# [Work order]
All lines from the beginning of the listing through the line with "Свитшот женский Фиолетовая" are to be copied word for word; the pictures are not.

————

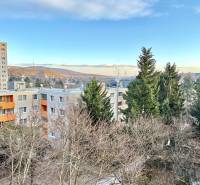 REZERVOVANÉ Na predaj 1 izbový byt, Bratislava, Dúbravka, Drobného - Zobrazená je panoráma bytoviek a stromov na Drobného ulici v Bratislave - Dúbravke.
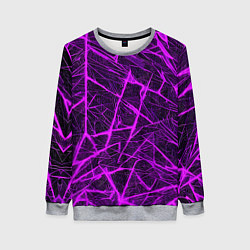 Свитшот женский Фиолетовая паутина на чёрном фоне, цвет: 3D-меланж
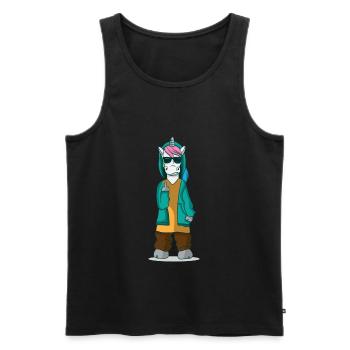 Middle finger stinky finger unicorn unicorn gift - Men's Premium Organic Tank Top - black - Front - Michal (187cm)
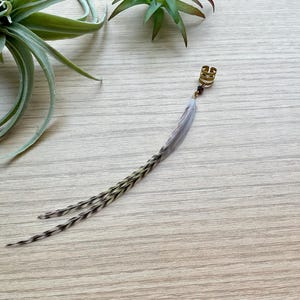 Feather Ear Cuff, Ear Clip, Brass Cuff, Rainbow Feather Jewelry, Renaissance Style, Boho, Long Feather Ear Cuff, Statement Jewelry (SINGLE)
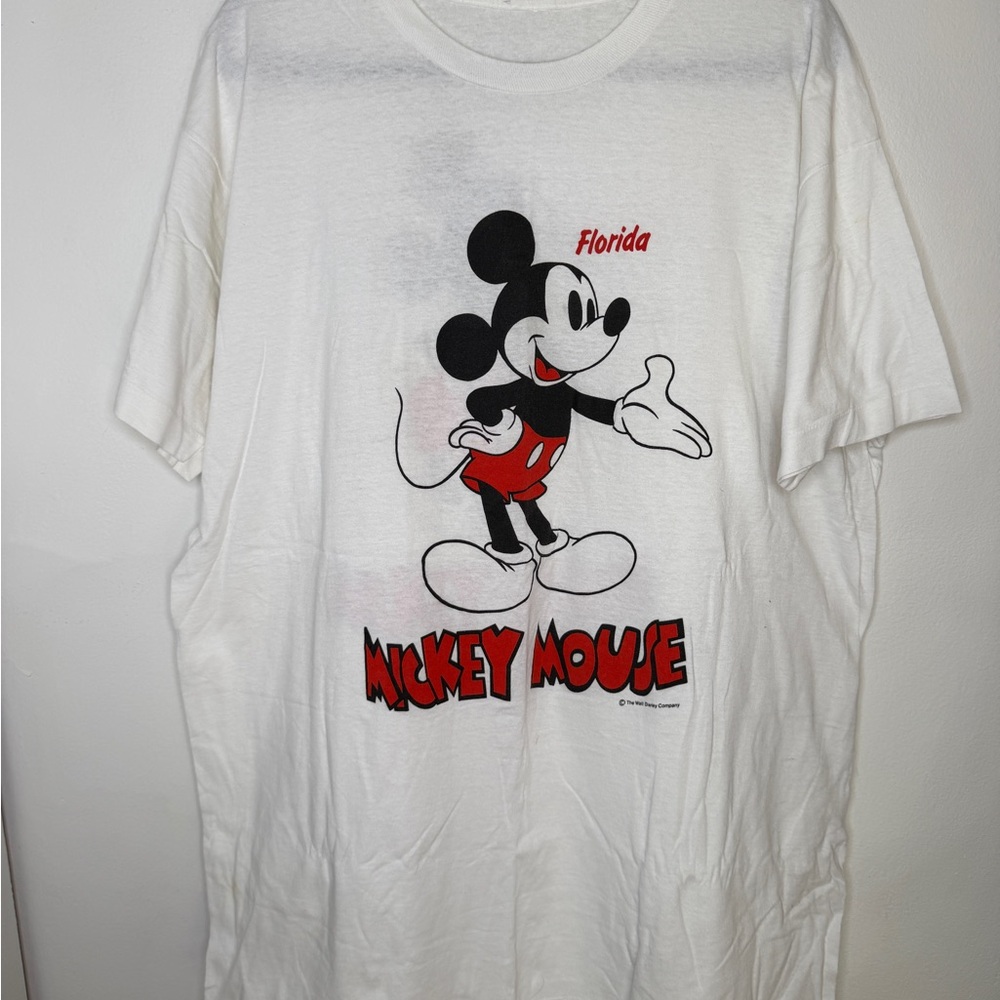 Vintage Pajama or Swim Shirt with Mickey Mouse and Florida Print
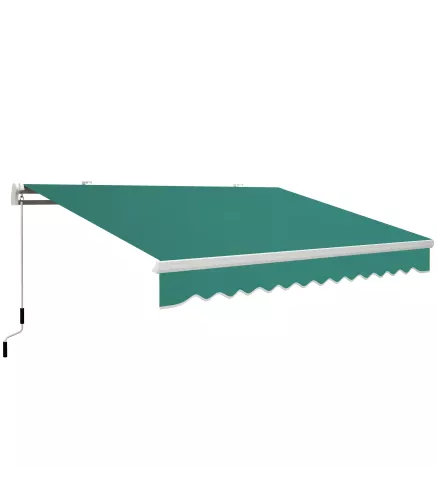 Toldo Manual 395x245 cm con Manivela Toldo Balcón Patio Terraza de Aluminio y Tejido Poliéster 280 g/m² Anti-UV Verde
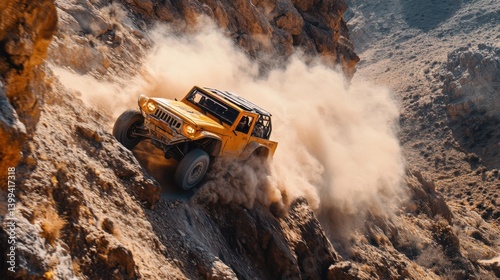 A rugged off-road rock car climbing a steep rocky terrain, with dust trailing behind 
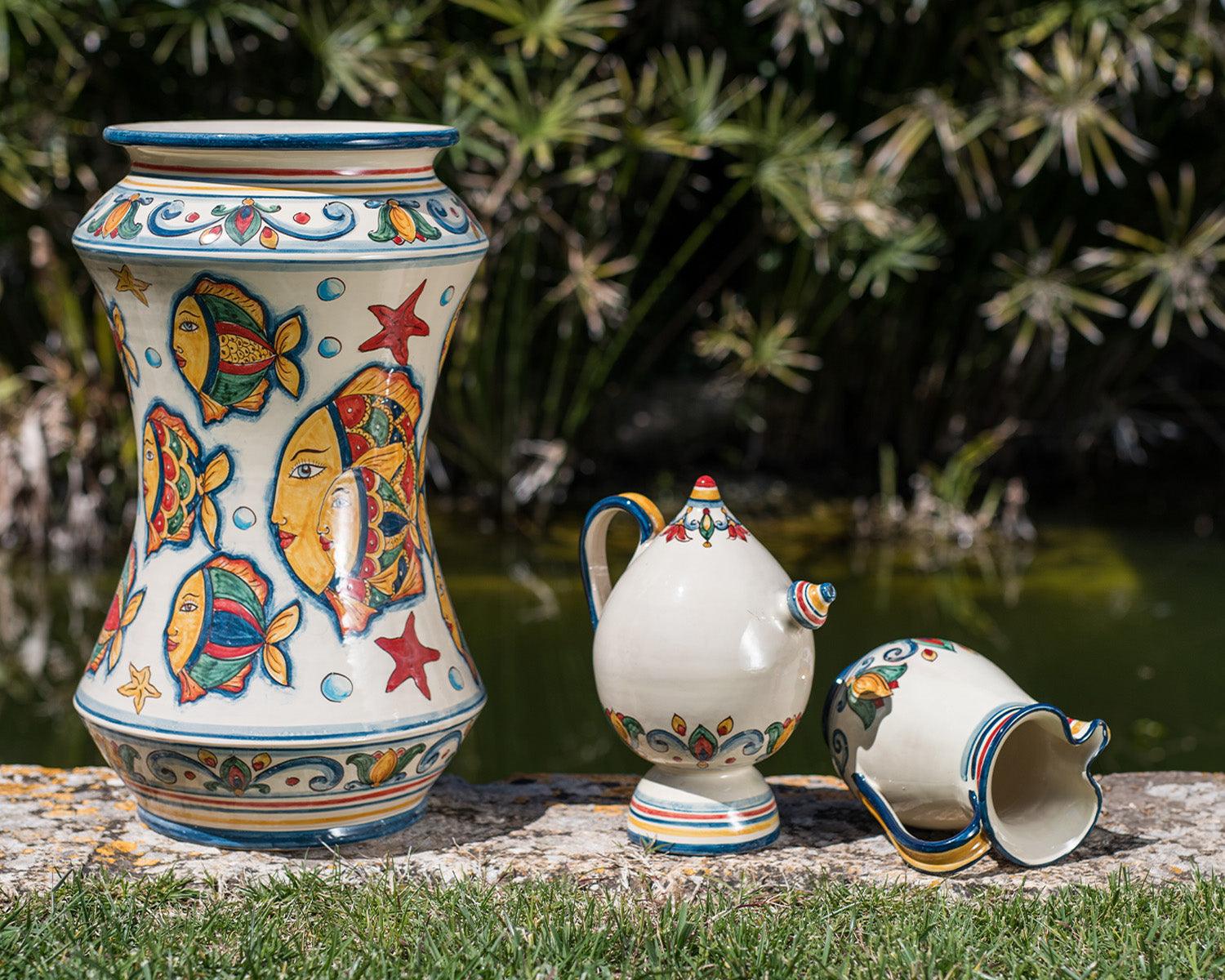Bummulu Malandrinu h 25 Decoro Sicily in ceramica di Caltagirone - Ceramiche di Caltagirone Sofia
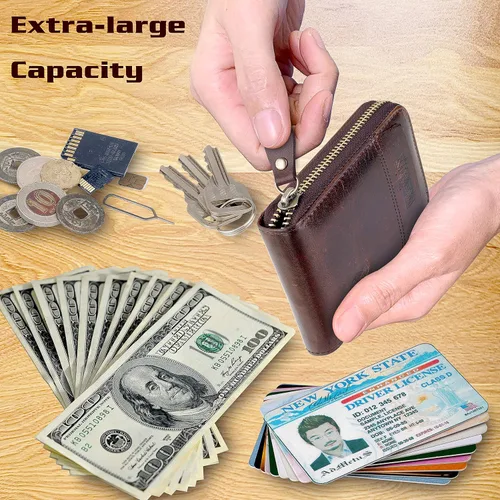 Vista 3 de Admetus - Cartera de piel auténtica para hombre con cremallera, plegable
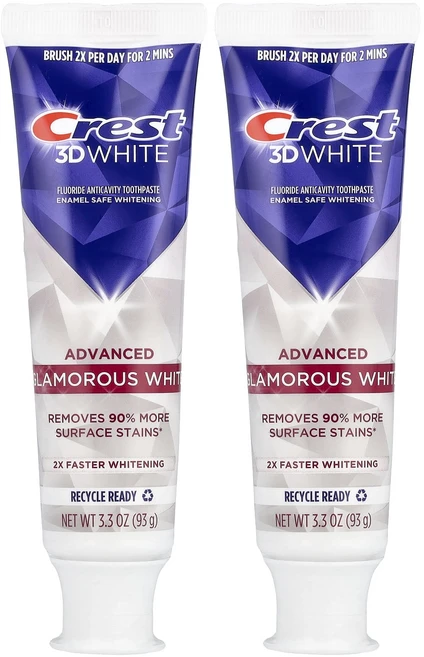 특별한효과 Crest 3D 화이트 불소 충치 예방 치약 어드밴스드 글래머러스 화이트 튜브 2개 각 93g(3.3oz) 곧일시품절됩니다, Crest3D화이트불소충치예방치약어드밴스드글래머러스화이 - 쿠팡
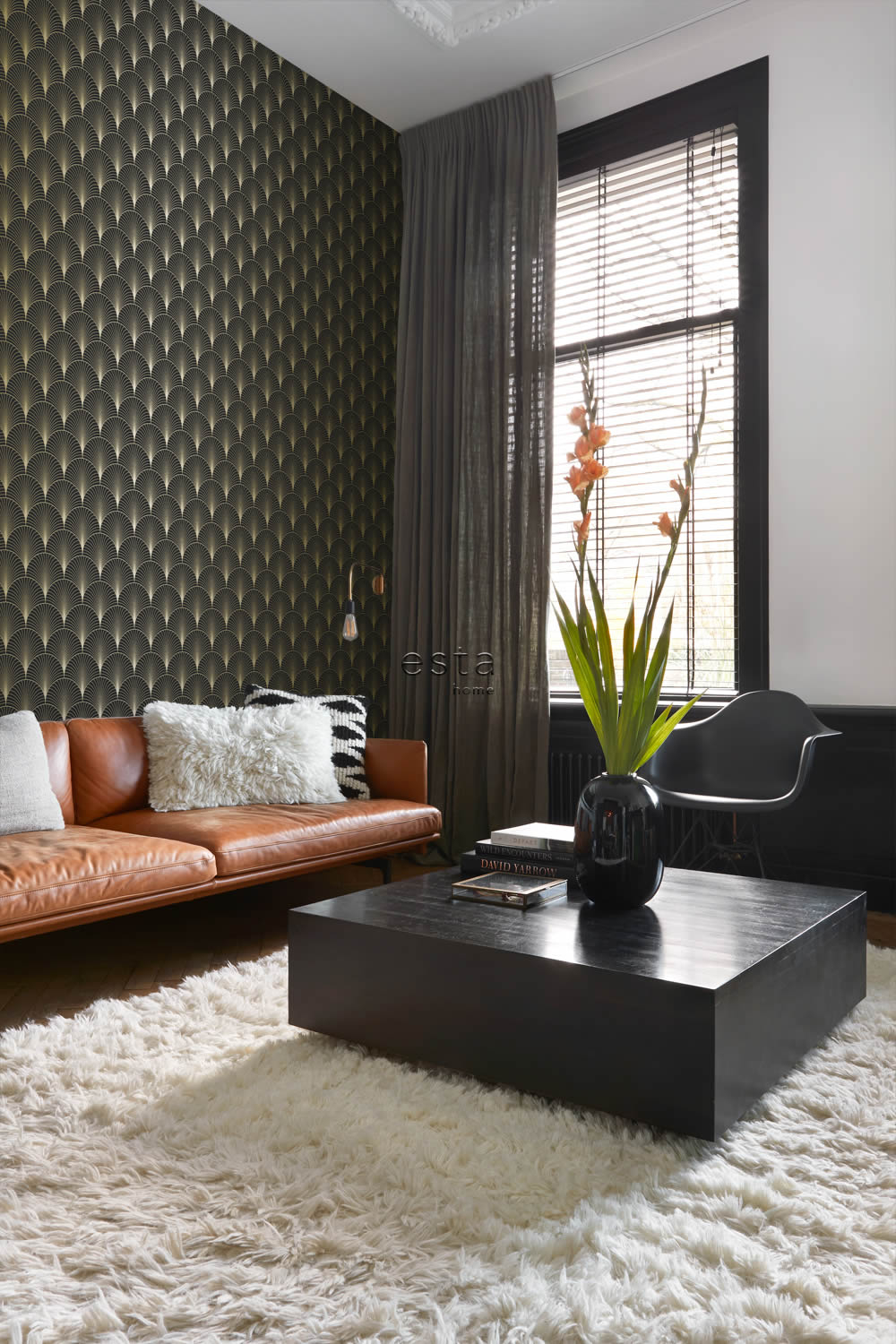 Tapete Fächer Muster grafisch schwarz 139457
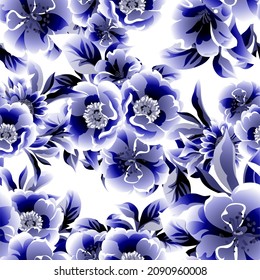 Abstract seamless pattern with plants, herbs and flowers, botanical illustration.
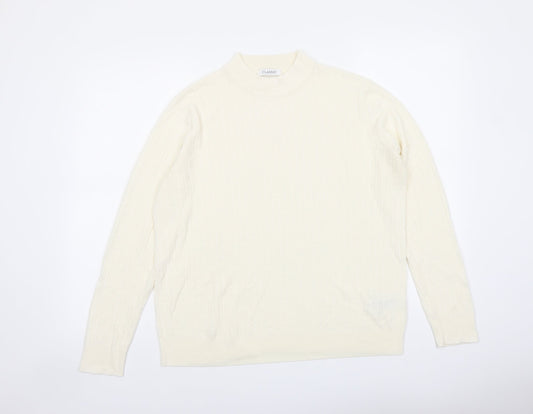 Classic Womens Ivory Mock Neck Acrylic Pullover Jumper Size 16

————

# [Task output]
 REZERVOVANÉ Na predaj 1 izbový byt, Bratislava, Dúbravka, Drobného - Zobrazená je panoráma bytoviek a stromov na Drobného ulici v Bratislave - Dúbravke.
 Свитшот женский Фиолетовая паутина на чёрном фоне, цвет: 3D-меланж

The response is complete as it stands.